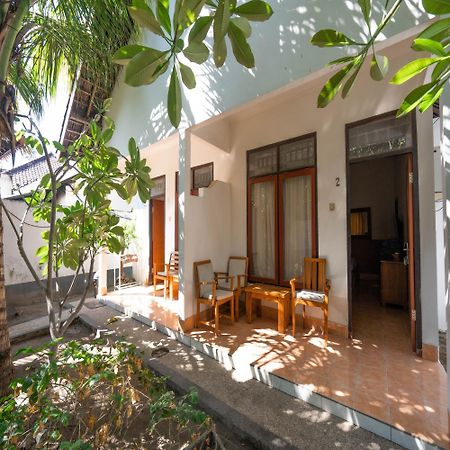 Reddoorz At Ocean 2 Gili Trawangan Hotel Kültér fotó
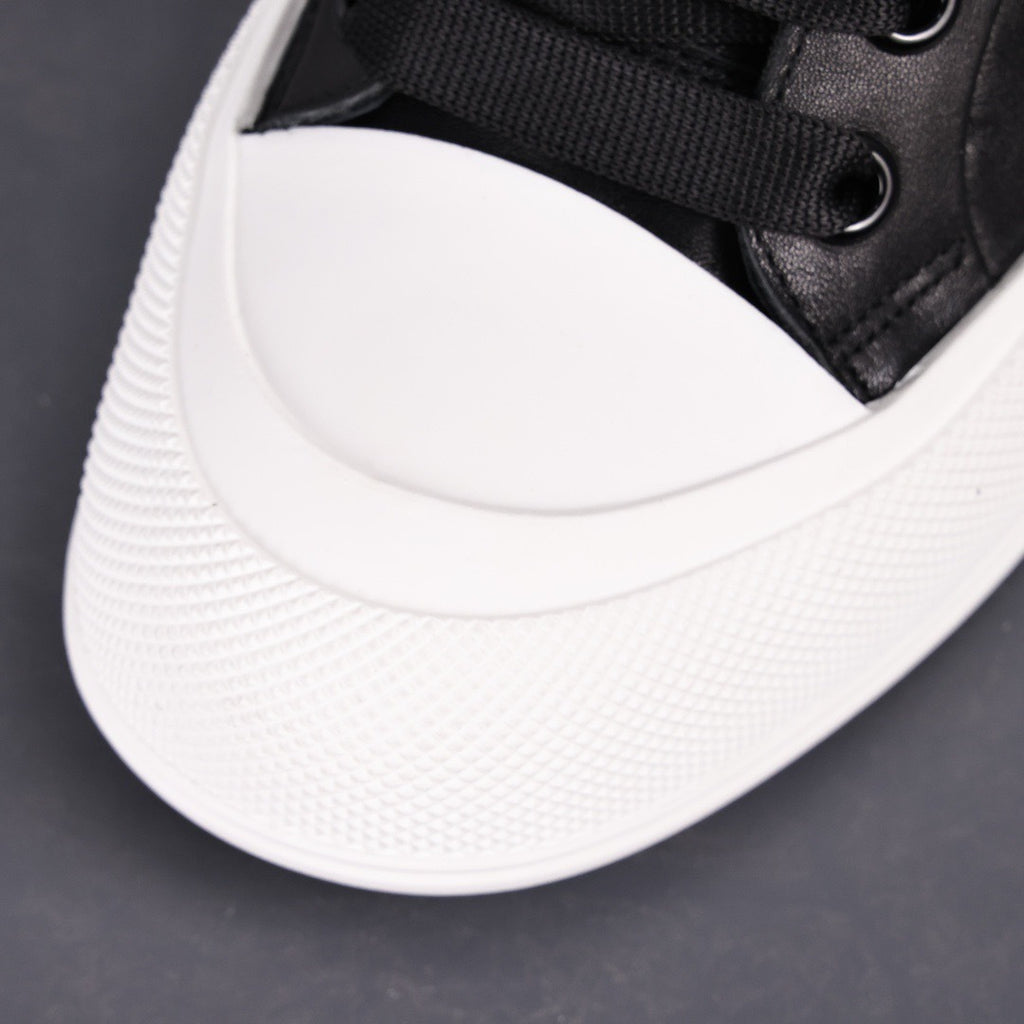 Alexander McQueen Skate Deck Plimsoll Sneakers
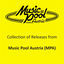 Cover Collection of Releases from Music Pool Austria (Mpa)
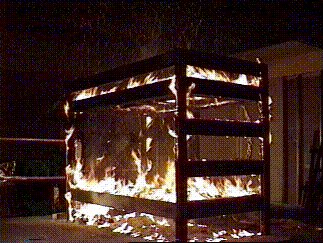 As if bunkbeds weren't awesome enough. 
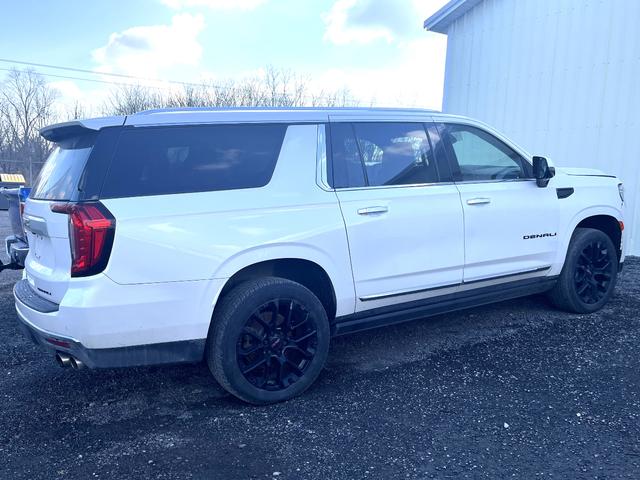 2022 gmc yukon xl denali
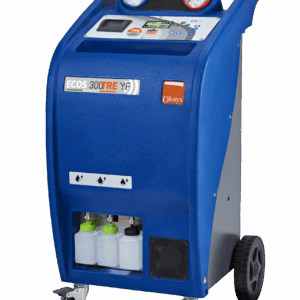 ECOS 303 – R134a Air Conditioning Service Machine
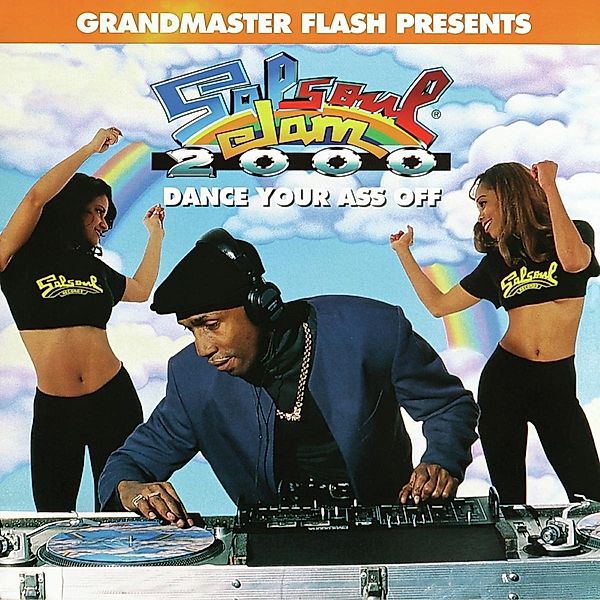 Grandmaster Flash Pres. :Salsoul Jam 2000 (Vinyl), Diverse Interpreten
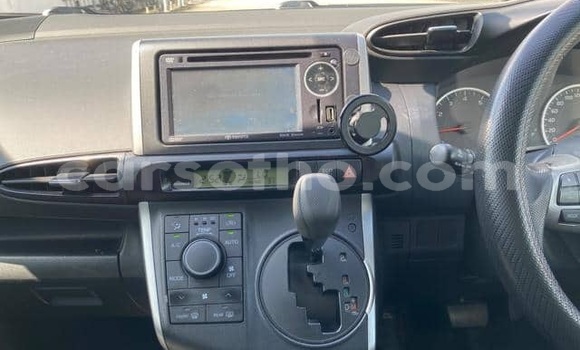 Buy Used Toyota Wish Beige Car in Maputsoe in Leribe Buy Used Toyota Wish Beige Car in Maputsoe in Leribe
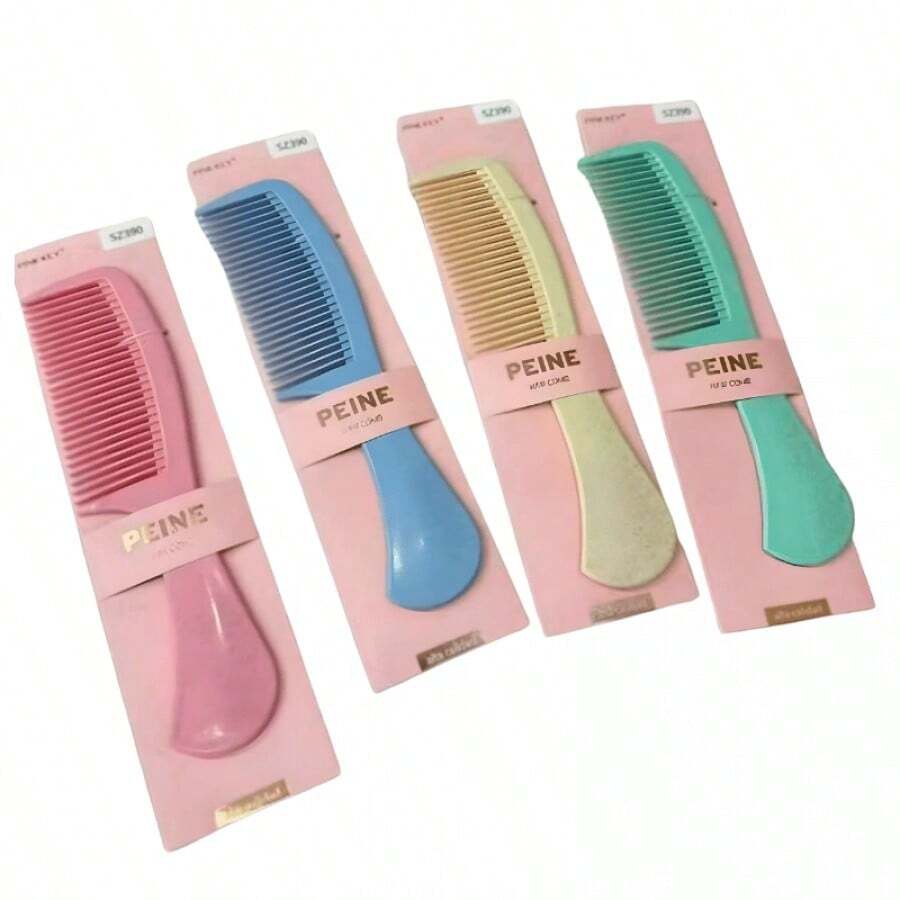 PEINE UNISEX - PRODUCTO DE ALTA DURABILIDAD - Beis - Ver 1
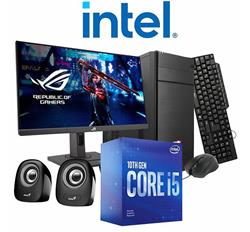 PC INTEL CORE I5-10400 8GB 240SSD H510M MSI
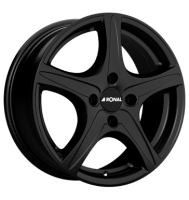 Ronal R56 6,5x16 ET45 4x100 68 mattschwarz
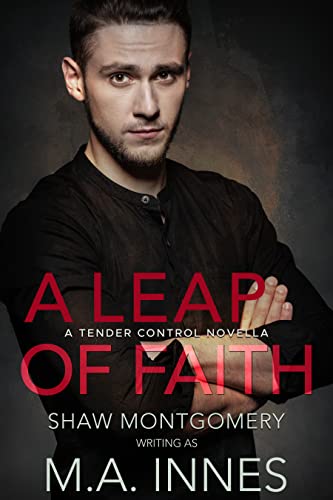 A Leap of Faith book cover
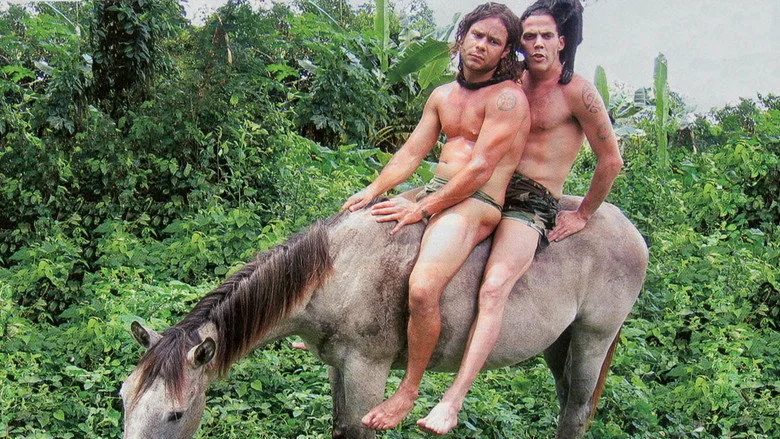 Wildboyz poster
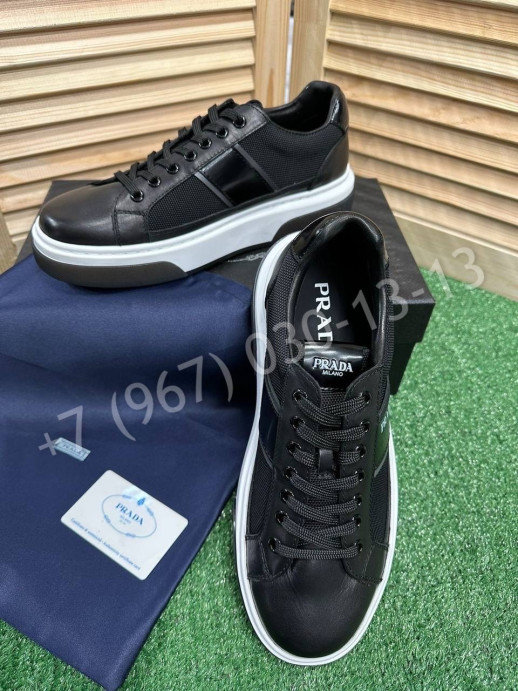 Кроссовки Prada 26656
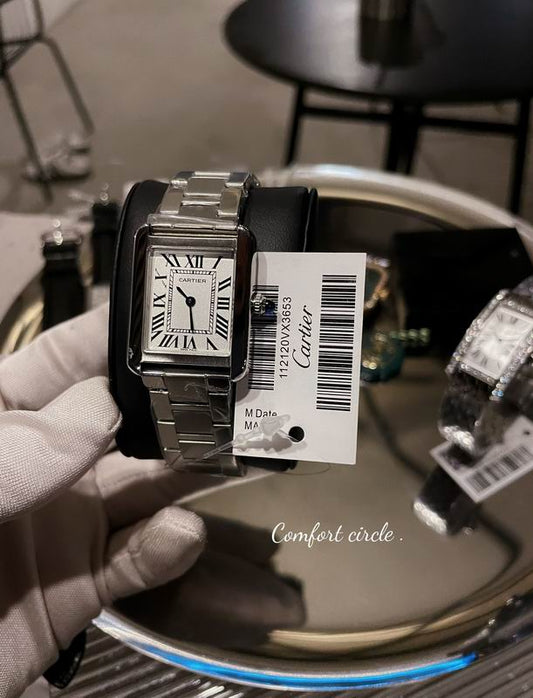 Cartier Tank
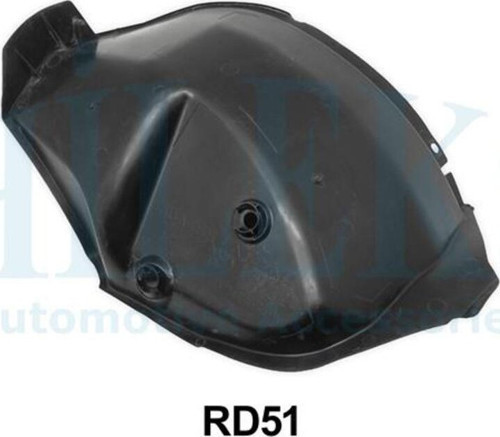 Çamurluk Davlumbazı Arka Sol Dacıa Duster 09 612138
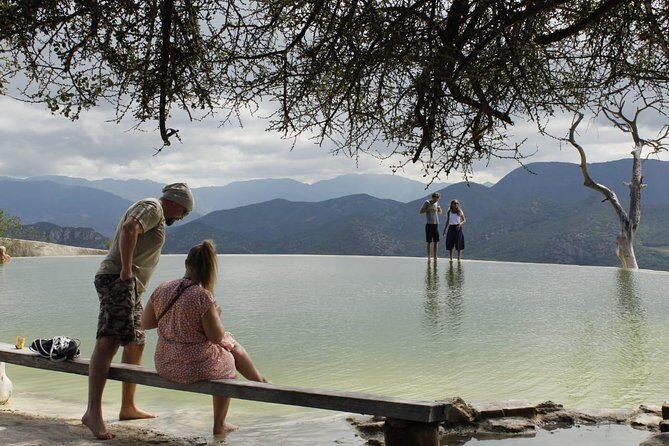 Only Hierve el Agua and Mezcal Distillery tour - Exploring the Tour Itinerary in Detail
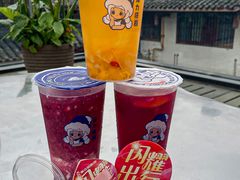 -溪边姑娘·拉丝酸奶水果捞(春熙路店)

━━━━━━━━━━

#### [What the task asks]
Write every line above out again exactly; pictures do not belong in the copy.

#### [Written reply]
 Reddoorz At Ocean 2 Gili Trawangan Hotel Kültér fotó
 Alexander McQueen Skate Deck Plimsoll Sneakers
 Cover Collection of Releases from Music Pool Austria (Mpa)
 As if bunkbeds weren't awesome enough. 
 2022 gmc yukon xl denali
 ECOS 303 – R134a Air Conditioning Service Machine
 Grandmaster Flash Pres. :Salsoul Jam 2000 (Vinyl), Diverse Interpreten
 Buy Used Toyota Wish Beige Car in Maputsoe in Leribe Buy Used Toyota Wish Beige Car in Maputsoe in Leribe
 PEINE UNISEX - PRODUCTO DE ALTA DURABILIDAD - Beis - Ver 1
 PC INTEL CORE I5-10400 8GB 240SSD H510M MSI
 Ronal R56 6,5x16 ET45 4x100 68 mattschwarz
 A Leap of Faith book cover
 Wildboyz poster
 Кроссовки Prada 26656
 Cartier Tank
 Çamurluk Davlumbazı Arka Sol Dacıa Duster 09 612138
 Only Hierve el Agua and Mezcal Distillery tour - Exploring the Tour Itinerary in Detail
 -溪边姑娘·拉丝酸奶水果捞(春熙路店)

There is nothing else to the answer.